Referring now to FIGS. 8 and 9A-9C, the yoke plate 36 is slidably movable between at least a first position (FIG. 9A) wherein the first LED 40 is aligned with the focal axis (FA) and yoke axis (YA), and a second position (FIG. 9C) wherein the second LED 42 is aligned with the focal axis (FA) and yoke axis (YA). FIGS. 8 and 9B illustrates an intermediate position where no LED is aligned and may represent an “off” or inactive position. Other exemplary embodiments may include additional LED's and the yoke plate 36 may be slidably movable and set to align such additional LED's on the focal axis.
As described hereabove, the flashlight assembly 10 is functional to convert a rotational movement of the head assembly 14 to a corresponding linear translation of the yoke plate 36. Referring to FIGS. 10A-10C, engagement of the drive pin 54 and drive slot 38 and detent pin 56 and detent slot 58 are illustrated showing the corresponding movements. The head assembly 14 is shown in a transparent state to illustrate the alignments. The drive pin 54 rides within the drive slot 38 with rotation of the drive pin 54 (head assembly) causing corresponding linear translation of the yoke plate 36. The detent pin 56 and detent slot 58 limit the rotational movement of the head assembly 14, while the detent position indents A, B, C create a tactile indication of set positions. FIG. 10A corresponds to FIG. 9A with the first LED 40 in alignment with the focal axis (FA). The head assembly 14 is rotated to the left detent position A. FIG. 10B corresponds to FIG. 9B with the head assembly 14 rotated to the center detent position B (no LED aligned). FIG. 10C corresponds to FIG. 9C with the head assembly 14 rotated to the right detent position C and the second LED 42 aligned with the focal axis (FA). As noted above, rotation of the head assembly 14 and drive pin 54 drives linear movement of the yoke plate 36.

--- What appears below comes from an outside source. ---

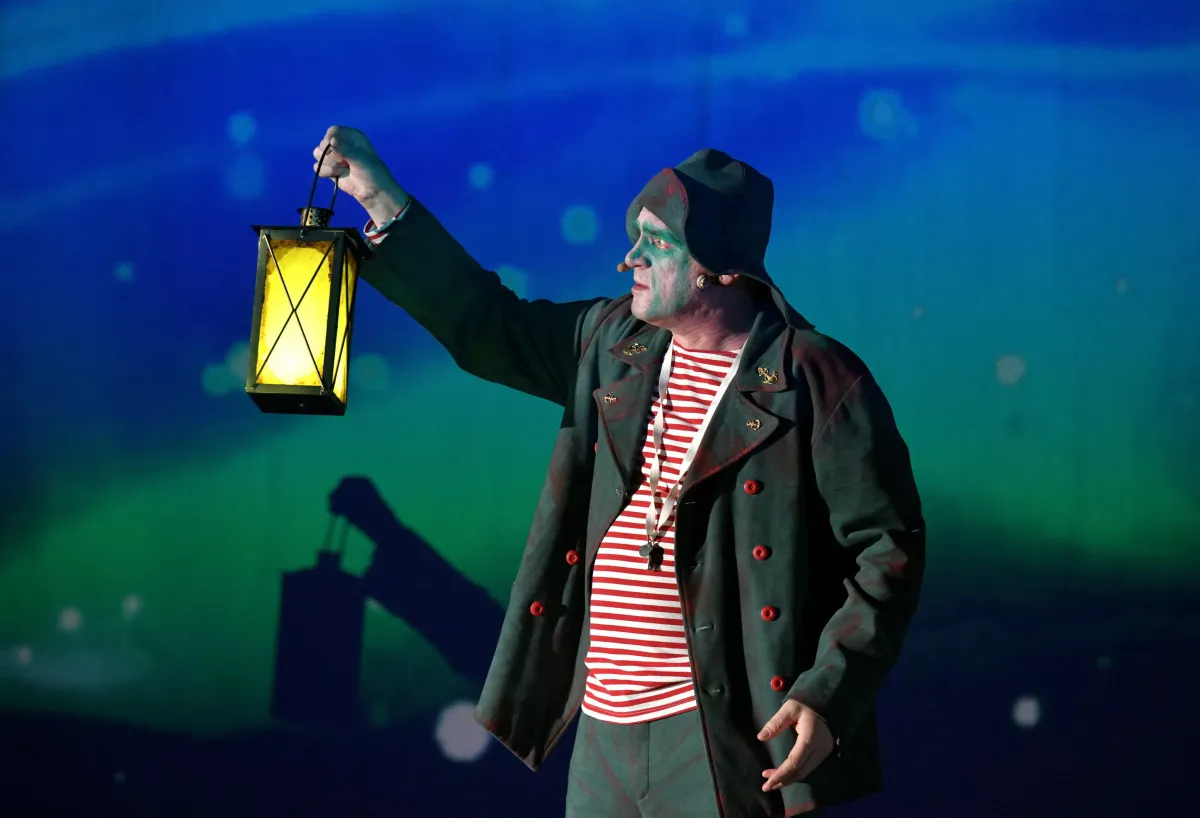 Фотография  для Дюймовочка и принц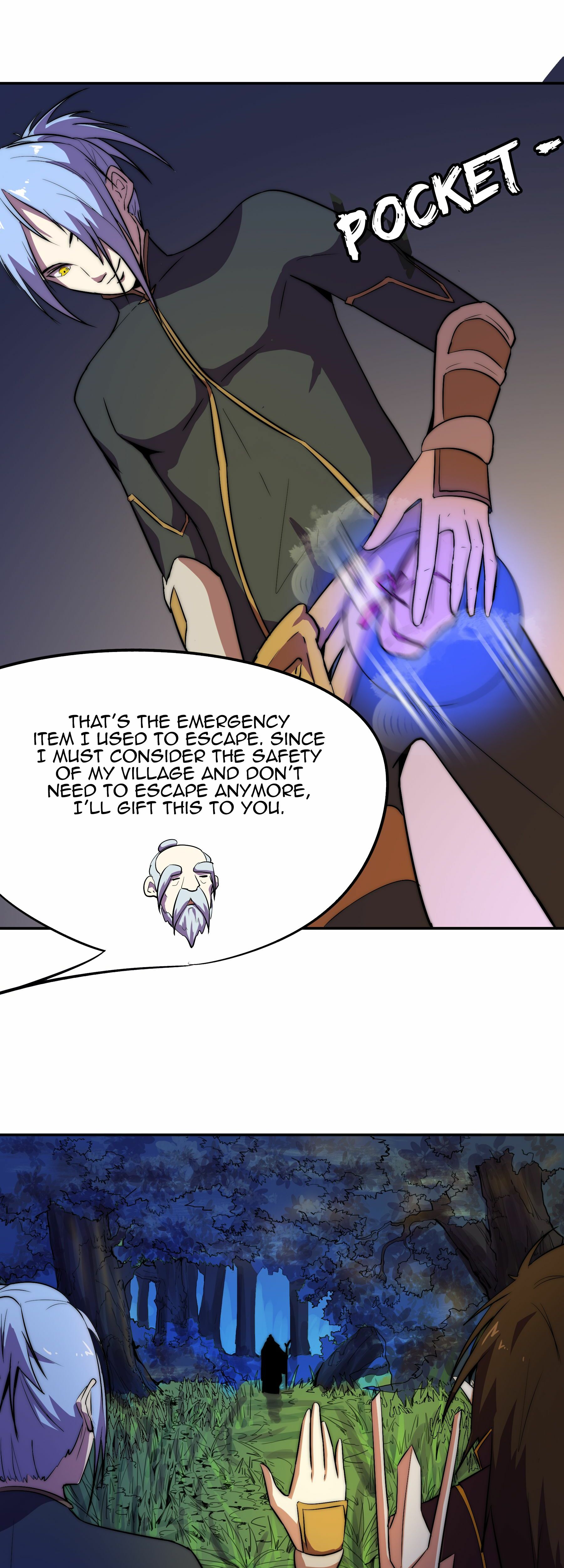 Read Fatal Code chapter 26 image 4 on Lezhin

While the exemplary embodiment depicts a cylindrical handheld flashlight, the present yoke mechanism can be implemented in any type of illumination device, in any shape and in any configuration as needed for the end user.
Having thus described certain particular embodiments of the invention, it is understood that the invention defined by the appended claims is not to be limited by particular details set forth in the above description, as many apparent variations thereof are contemplated. Rather, the invention is limited only be the appended claims, which include within their scope all equivalent devices or methods which operate according to the principles of the invention as described.